2. An ability to do or learn something well and easily; a natural aptitude.
The title “Facility” encompasses what moving through the world felt like while writing the work. Knowing that this piece would be geared towards piano studios, I took inspiration from the B Section of Chopin’s third Scherzo. The piano begins with cascading, wave-like figures over a grid of rhythmic brushing envelopes and low buzzing harp notes. I asked myself what a gateway piece to the Chopin might sound like, and what resulted expands a player’s facility to perform the scherzo's range-spanning arpeggios and chorale-like passages.
I began writing in September 2023, as I was organizing a letter campaign for friend and activist Wayland X Coleman, who was serving life without parole in prison. I mailed letters on behalf of 150 people to the department of correction, advocating for his mental health and stable housing conditions at the facility.
The first sound I recorded for the piece was a series of rhythmic loops, made by brushing Wayland's letters together. I took these containers in their own right, so much more than words, and combined them with other sounds derived from different types of vessels, mechanical whirring, a neglected harp, and the piece's themes played on an out-of-tune upright piano. I saw these things as representative of all of us, our brokenness, and our untapped power in those last few months of 2023.
I thought a great deal about capacity building as so many people in my life stepped up for Wayland, retaliating against the totalizing violence of mass incarceration for the first time.
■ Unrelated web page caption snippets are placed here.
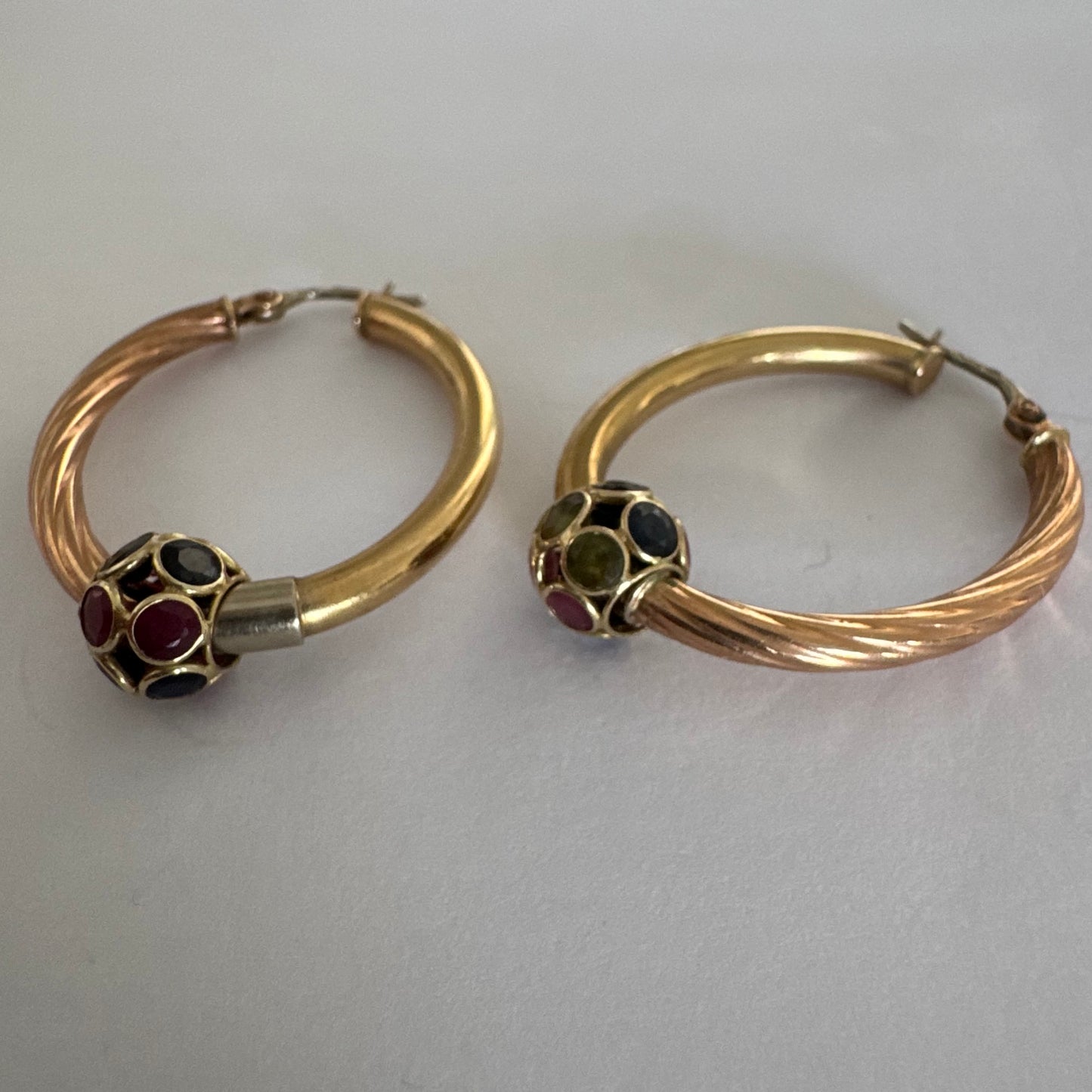 10K gold hoop earrings with a twisted design, set with pink and green Tourmaline.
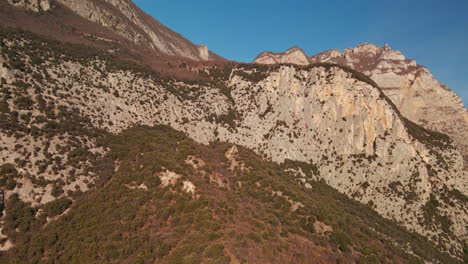 flying close to limestone mountains with vegetations against blue clear sky in trentino, northeastern italy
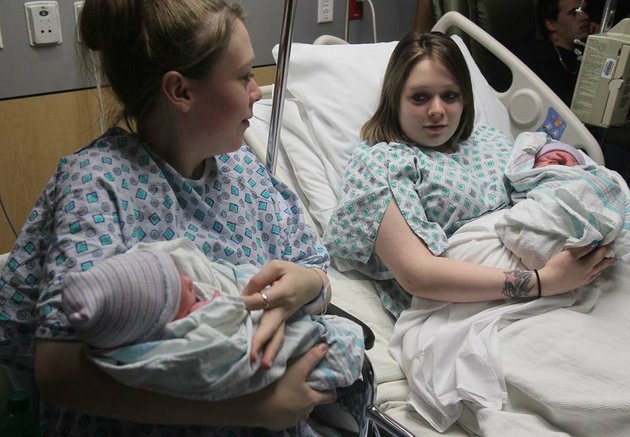 twin-mothers-aimee-left-and-ashlee-nelson-hold-their-newborn-sons-donavyn-bratten-left-and-aiden-lee-alan-dilts-at-summa-akron-city-hospital-on-monday-dec-31-2012-in-akron-ohio-the-mothers-19-gave-birth-about-two-hours-apart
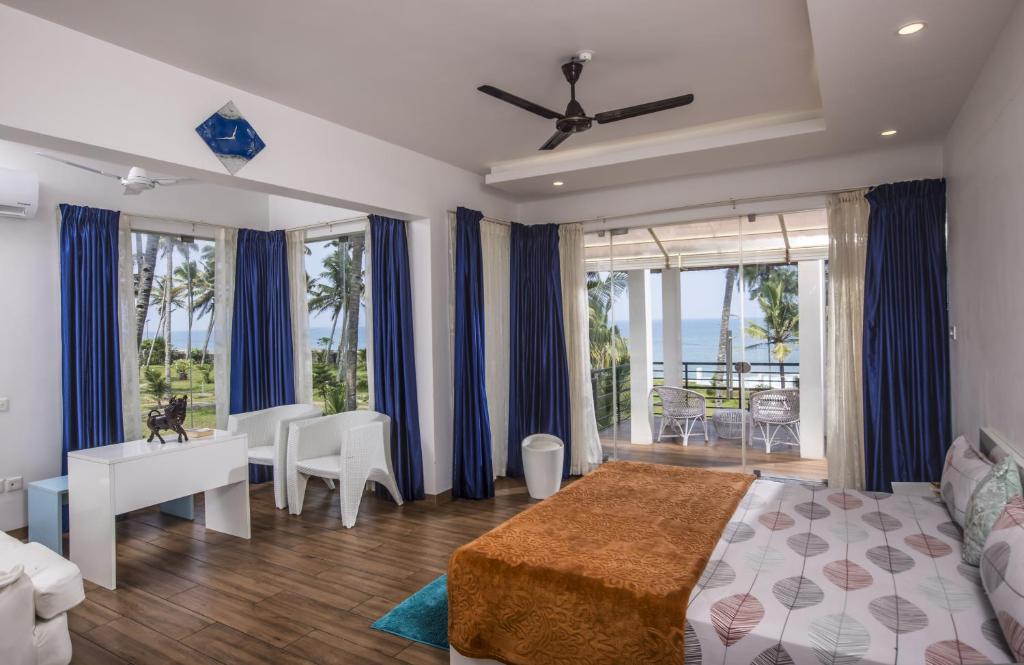 a bedroom with a bed and a table and chairs at Coconut Cove Varkala in Varkala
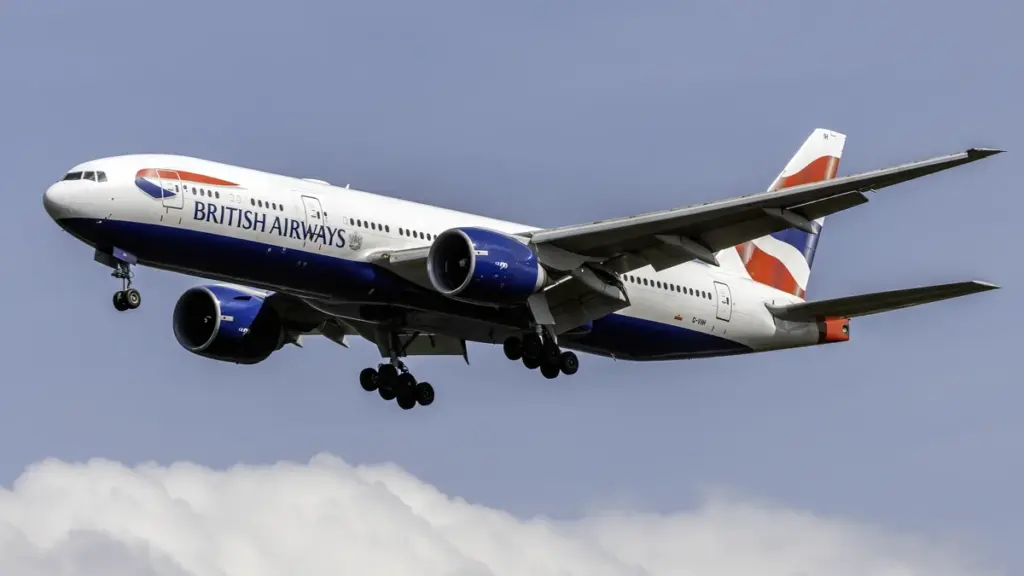 A British Airways Boeing 777-200ER widebody jetliner descending in clear skies.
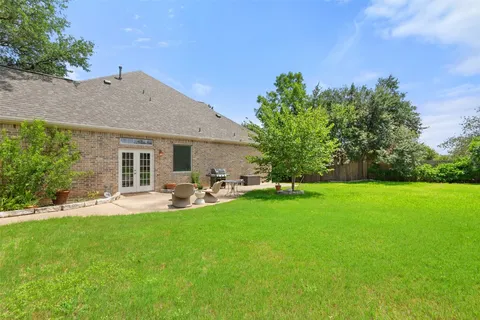a front view of a house with backyard garden and sitting area
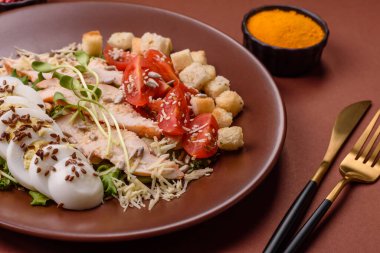 İçinde tavuk, parmesan peyniri, domates, kızarmış ekmek, marul yaprağı, keten tohumu, ayçiçeği ve susam tohumları olan bir kâse dolusu sezar salatası.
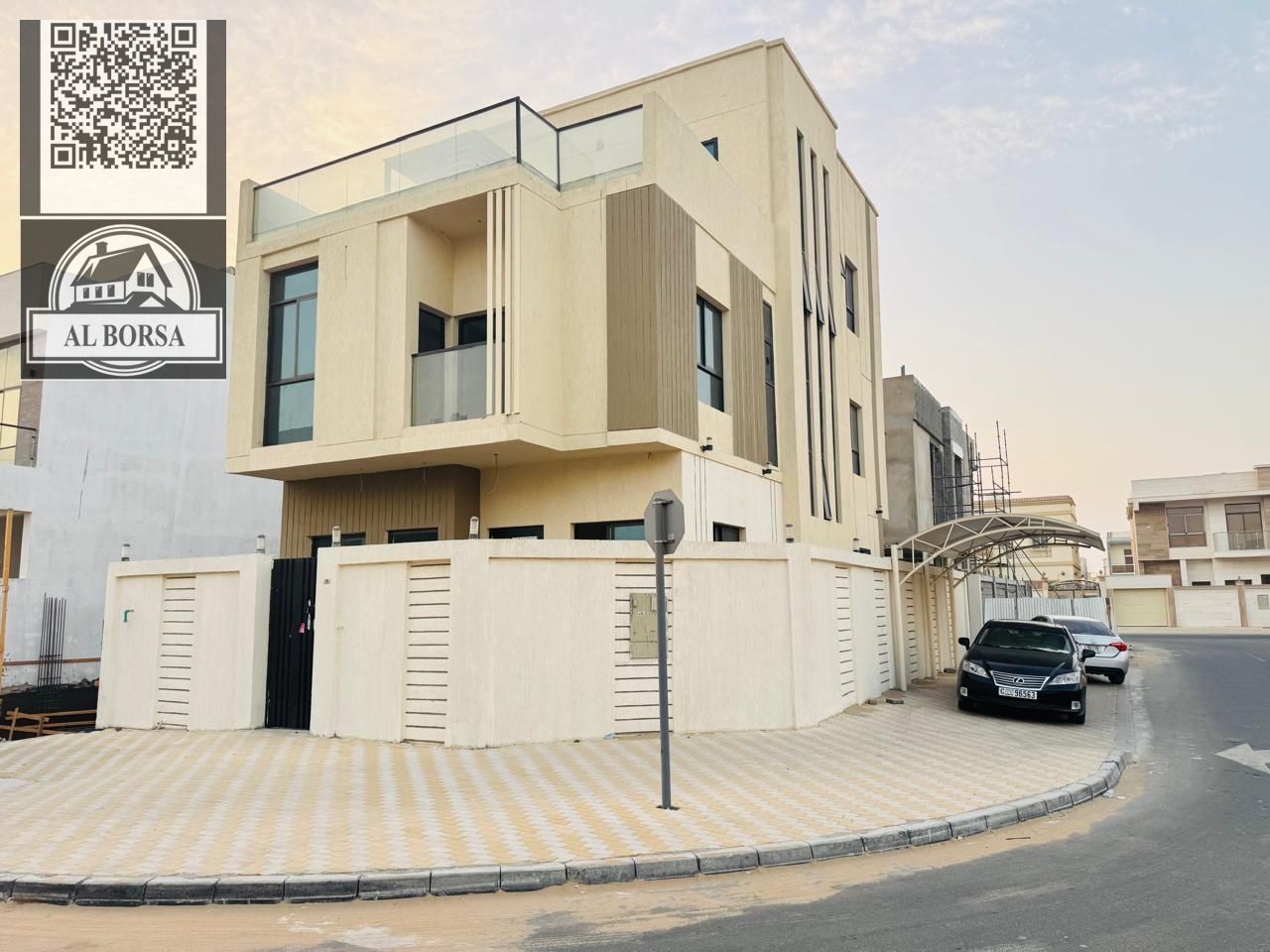For sale in Al Zahia, a corner townhouse, two floors and a roof, 7 master bedrooms, a living room and majlis.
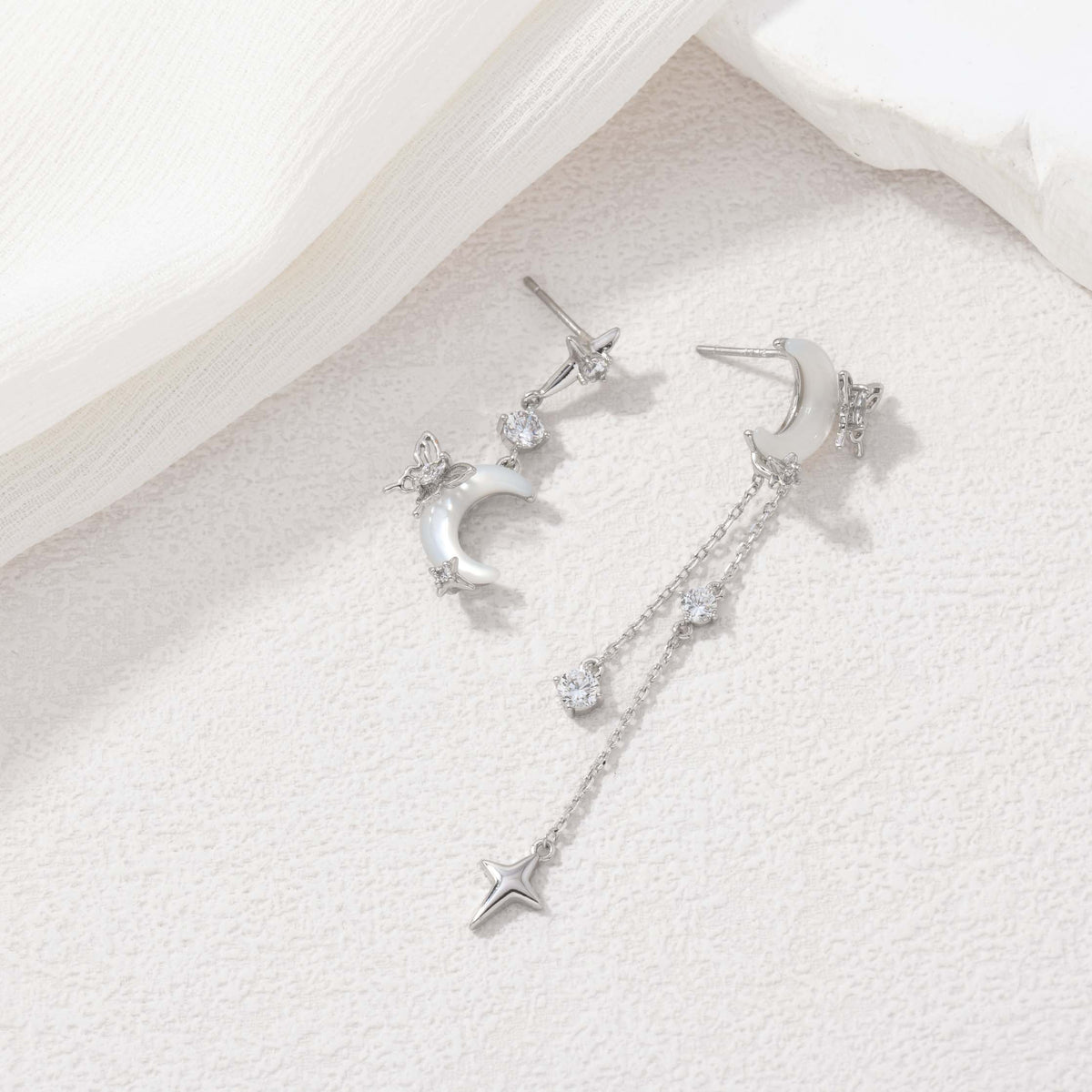 Silver nocturne wings earrings – alternate angle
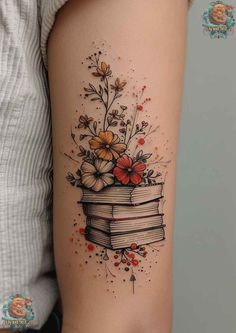 a woman's arm with flowers and books tattoo on the left side of her body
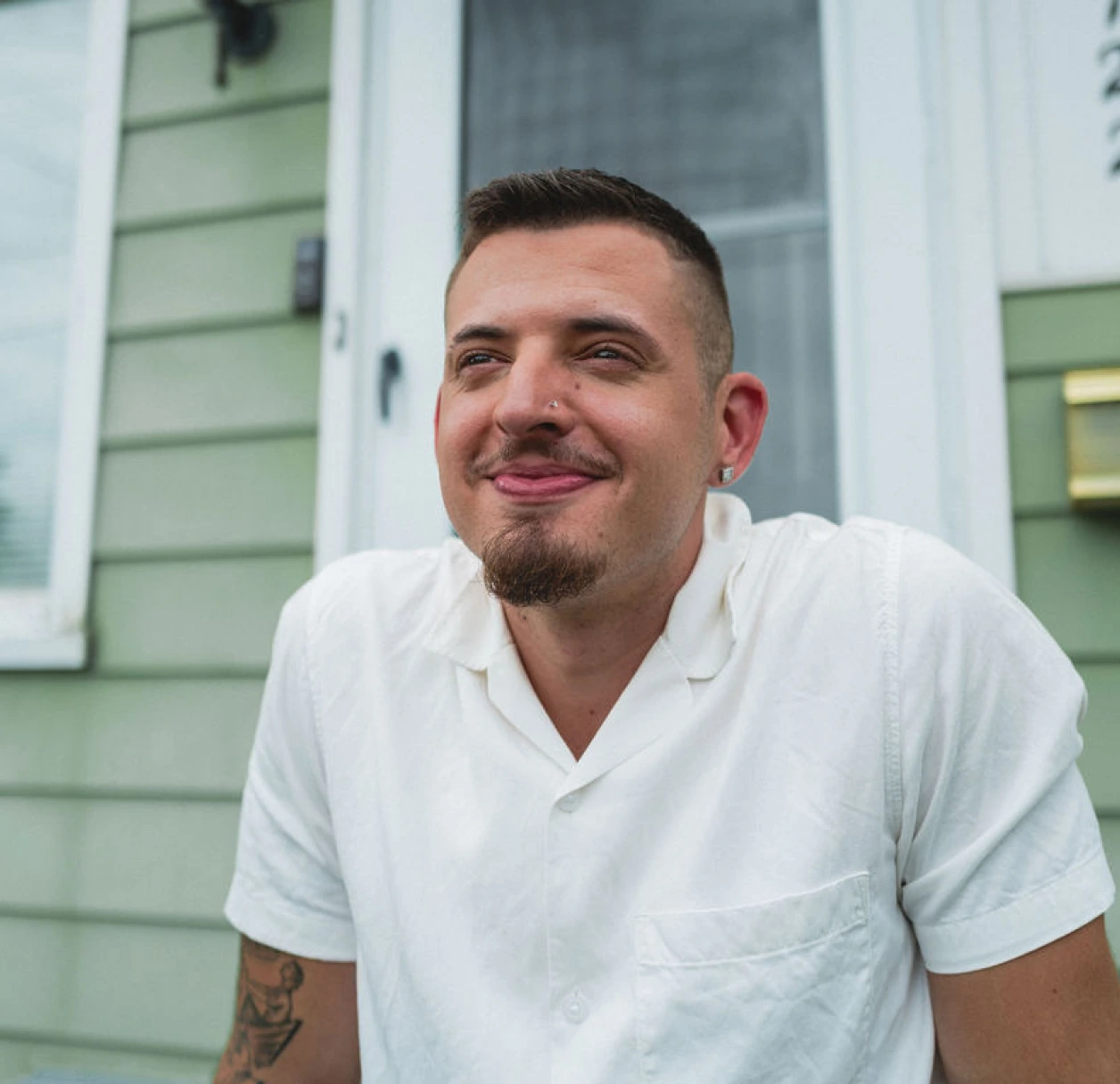 A brown-haired man with a white collared shirt, earrings, and a nose ring sits on the front porch of a green house with white trim.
And as 2023 continued, millions around the world continued to stand against the occupation in Palestine. To know Palestine is to see how every issue of oppression intersects, and I really believe there is no better capacity-building task––I saw friends and acquaintances fundamentally radicalized as they came to do so. How has our collective facility to act against oppression been altered, for the better?
After the initial piano figures resolve, and a low, profound reckoning takes place in the middle section, the piano and electronics interact in ways that are almost orchestral in nature, gradually becoming more in sync with one another. Ever musical element makes room for the rest, allowing for quicker and coordinated movement. Facility for technical skill, direct action, and, personally, electronic world-building, work in tandem to bring this piece into the world.
Literal hours after finishing the piece on January 30, solitary confinement was effectively banned at the state level in New York. Weeks prior, a Massachusetts ruling banned life without parole sentences for those convicted under 20 years of age, and Wayland was finally granted a hearing after 27 years inside. In fact, the facility where he was placed announced that it would fully close down by the summer of 2024.